Почти не осознавая себя, инстинктивно выбирая испытанный способ избавления от тревог, прояснения сознания, София вскочила на мотоцикл и ударила по газам. Верный «Харлей» взревел и сорвался с места. В лицо ударил ночной свежий ветер, освежил пылающий лоб. И София почувствовала, как постепенно, сдаваясь скорости и свистящему навстречу мраку, наваждение рассеивается, покидает ее, как с каждой секундой легче становится дышать, как глохнет в голове навязчивый голос. Скорость, сила, мощь, риск… Ее единственное спасение, ее способ существовать в этом мире.

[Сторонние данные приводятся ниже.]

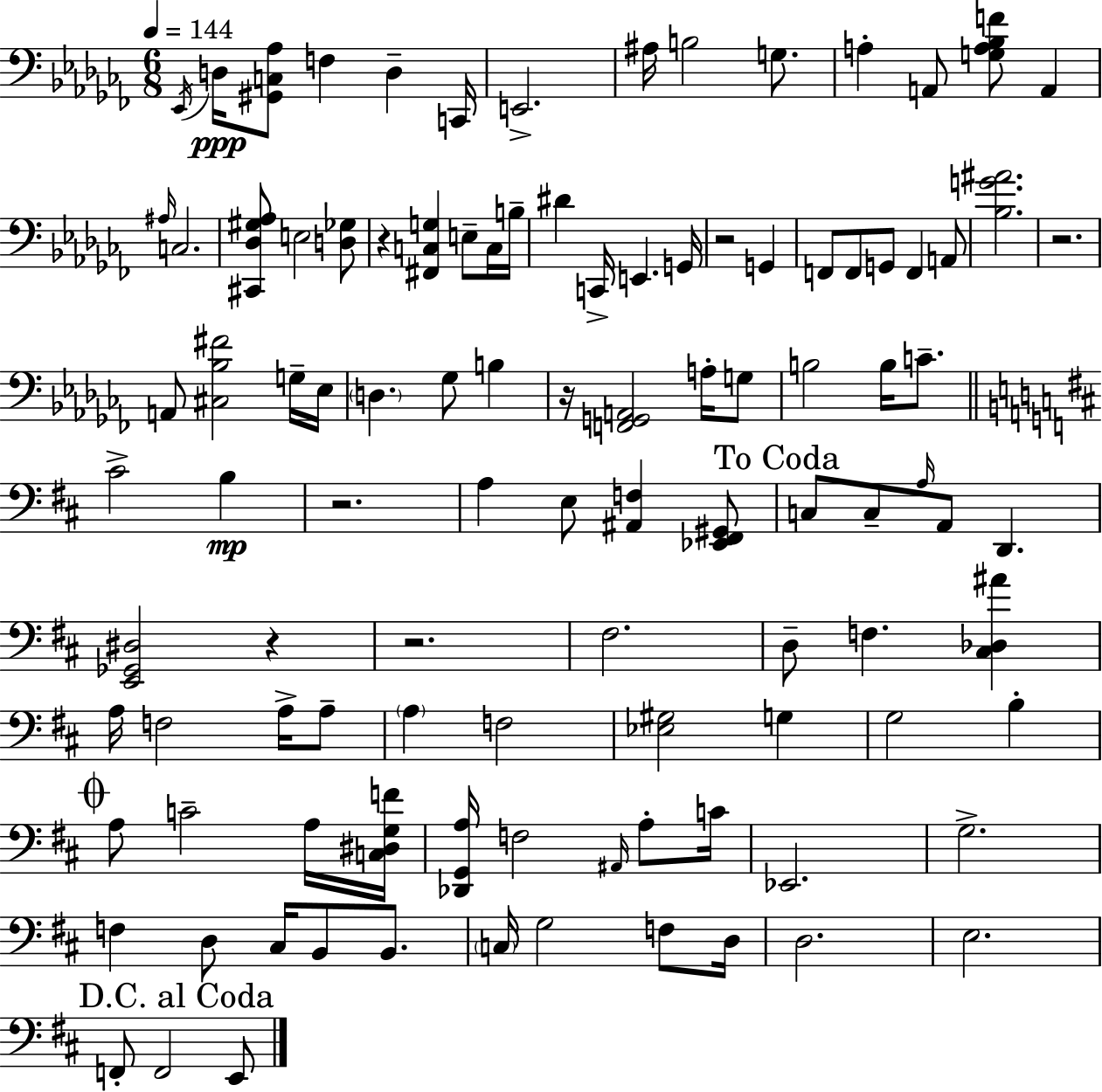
Eb2/s D3/s [G#2,C3,Ab3]/e F3/q D3/q C2/s E2/h. A#3/s B3/h G3/e. A3/q A2/e [G3,A3,Bb3,F4]/e A2/q A#3/s C3/h. [C#2,Db3,G#3,Ab3]/e E3/h [D3,Gb3]/e R/q [F#2,C3,G3]/q E3/e C3/s B3/s D#4/q C2/s E2/q. G2/s R/h G2/q F2/e F2/e G2/e F2/q A2/e [Bb3,G4,A#4]/h. R/h. A2/e [C#3,Bb3,F#4]/h G3/s Eb3/s D3/q. Gb3/e B3/q R/s [F2,G2,A2]/h A3/s G3/e B3/h B3/s C4/e. C#4/h B3/q R/h. A3/q E3/e [A#2,F3]/q [Eb2,F#2,G#2]/e C3/e C3/e A3/s A2/e D2/q. [E2,Gb2,D#3]/h R/q R/h. F#3/h. D3/e F3/q. [C#3,Db3,A#4]/q A3/s F3/h A3/s A3/e A3/q F3/h [Eb3,G#3]/h G3/q G3/h B3/q A3/e C4/h A3/s [C3,D#3,G3,F4]/s [Db2,G2,A3]/s F3/h A#2/s A3/e C4/s Eb2/h. G3/h. F3/q D3/e C#3/s B2/e B2/e. C3/s G3/h F3/e D3/s D3/h. E3/h. F2/e F2/h E2/e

Мотоцикл пересек сверкающую вечерними огнями улицу Истикляль, пронесся по артистическому району Джихангир. Слева и справа мелькали яркие огни витрин, фасадов домов, реклам. Зазвенел в воздухе звучный речитатив вечернего намаза, поднимаясь над крышами старинных мечетей. Остался за спиной, обиженно фырча, двухэтажный туристический автобус. София свернула на набережную, где волосы ее подхватил соленый ветер, затем проскочила фешенебельный район Нишанташи.
Ничего, ничего… Сейчас ей просто нужно успокоиться, как-нибудь пережить эту ночь. А завтра на свежую голову она придумает, что делать дальше. Безвыходных ситуаций не бывает, этому учил ее отец. А значит, она придумает решение, она сможет…
София, не сбавляя скорости, выкрутив руль до упора, свернула на мост. Заранее приготовилась к тому, что лицо сейчас овеет соленой прохладой и загалдят над головой вспугнутые чайки. Мелькнули перед глазами резные узоры ограждений, что-то взвилось и заскрежетало под колесами, в черный воздух взмыл сноп искр. Она уже поняла, что не справилась с управлением, что безотказный «Харлей» взбесился, вышел из-под контроля. Могла бы попытаться выровнять машину, удержаться, но понимание это заняло долю секунды, а затем в грудь с размаху толкнулся гранит, ночной воздух загустел и взорвался рыжим заревом, брызнули в стороны обломки, и прямо в лицо ей, влажно дыша, полетела тронутая золотыми огнями, подернутая рябью черная поверхность Босфорского пролива.
Первым вернулся звук. Не было еще ни света, ни осязания, ни ощущений тепла или холода. Только чернота вокруг, только пустота и бестелесность. И вдруг откуда ни возьмись появился звук – тоненько пищал какой-то прибор, лязгало металлическое, а совсем рядом раздавались голоса.
– А как еще это можно классифицировать? – говорил по-английски певучий женский голос.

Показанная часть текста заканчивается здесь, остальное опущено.